Spain tests in Andalusia the first European corridor for the air taxi era

by Marisela Presa

Málaga and Granada have witnessed a milestone in future mobility this week. The state air navigation company, Enaire, in collaboration with Aena, has successfully carried out four test flights between Málaga-Costa del Sol and Granada-Jaén airports. These tests, part of the European research project OperA, simulated air taxi and cargo drone operations in different types of airspace. The goal is crucial: to validate that these new routes and procedures can be integrated with total safety into conventional air traffic, without interfering with normal operations.

But what exactly is an air taxi? It is an electric vertical take-off and landing (eVTOL) aircraft, designed to transport a small number of passengers (generally between 2 and 6) on urban and metropolitan journeys. They run on batteries, are significantly quieter than helicopters, and promise to decongest roads. The first to develop and prototype this technology have been a mix of start-ups and aerospace giants, such as Germany’s Volocopter, the American Joby Aviation (which already has partial certification from the FAA), the also German Lilium, and the European consortium Airbus, with its CityAirbus NextGen model.

The revolutionary novelty lies in its proposal for door-to-door, on-demand mobility through digital platforms. It is not just an electric helicopter, but an integrated ecosystem of booking, urban air traffic management (U-space), and vertiport hubs.
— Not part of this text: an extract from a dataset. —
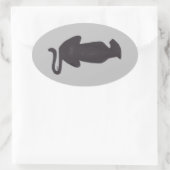 Sticker Ovale Collier ovale Silhouette de chat noir (Sac)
The technology is based on multiple distributed rotors, high-efficiency electric propulsion systems, state-of-the-art batteries, and advanced flight autonomy, although initially they are expected to be piloted remotely or on board to gain social confidence.

Passenger acceptance will be a gradual process. Factors such as safety perception, initial affordability – travel is expected to be expensive at first –, comfort, and noise will be decisive. However, it is expected that, as happened with shared vehicles, familiarity will be quick in congested metropolitan environments. Regarding the figure of the “driver,” the developing regulations foresee that the first services will operate with qualified pilots, in a transition towards eventual full autonomy once technology and regulation allow it.
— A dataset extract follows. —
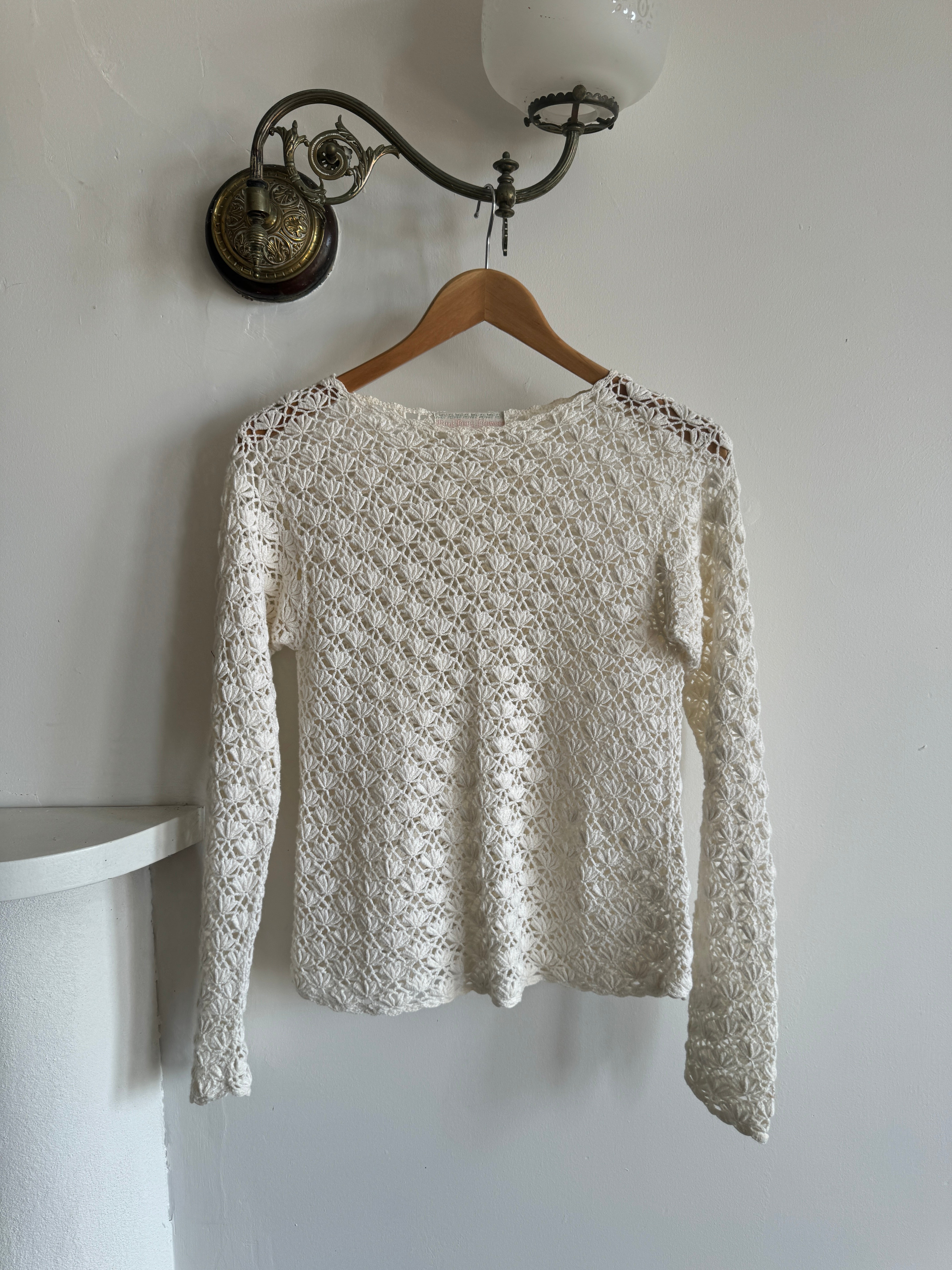 Vintage Crochet Long Sleeved Top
For major Spanish cities like Madrid, Barcelona, Valencia, or Málaga, it represents a potentially transformative advancement. It could connect in minutes points now separated by hours of traffic jams, such as airports with convention centers or peripheral business hubs with the urban center. However, its successful implementation will require exhaustive urban planning (creation of vertiports), clear regulations, and perfect integration with public transport, not as a substitute, but as a complementary layer of premium mobility.
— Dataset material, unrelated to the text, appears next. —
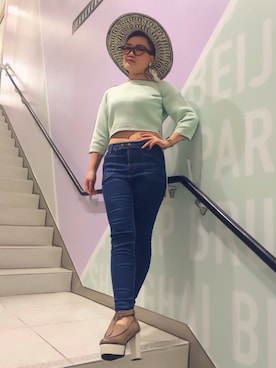 「ハイウエストジーンズ」｜なめまるさん（レディース・155cm）の春コーディネート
As for the origin of these vehicles in Spain, the national industry is positioning itself more in the ecosystem’s value chain than in the final manufacturing of complete aircraft. While Spain has leading companies in aerospace components and in the development of U-Space air traffic management systems (where Enaire is a leader), the most advanced prototypes are foreign-made. The path for Spain, as the Andalusian tests demonstrate, is to become a reference laboratory for operational validation, safe integration into airspace, and development of the necessary infrastructure to host this new era of urban air transport.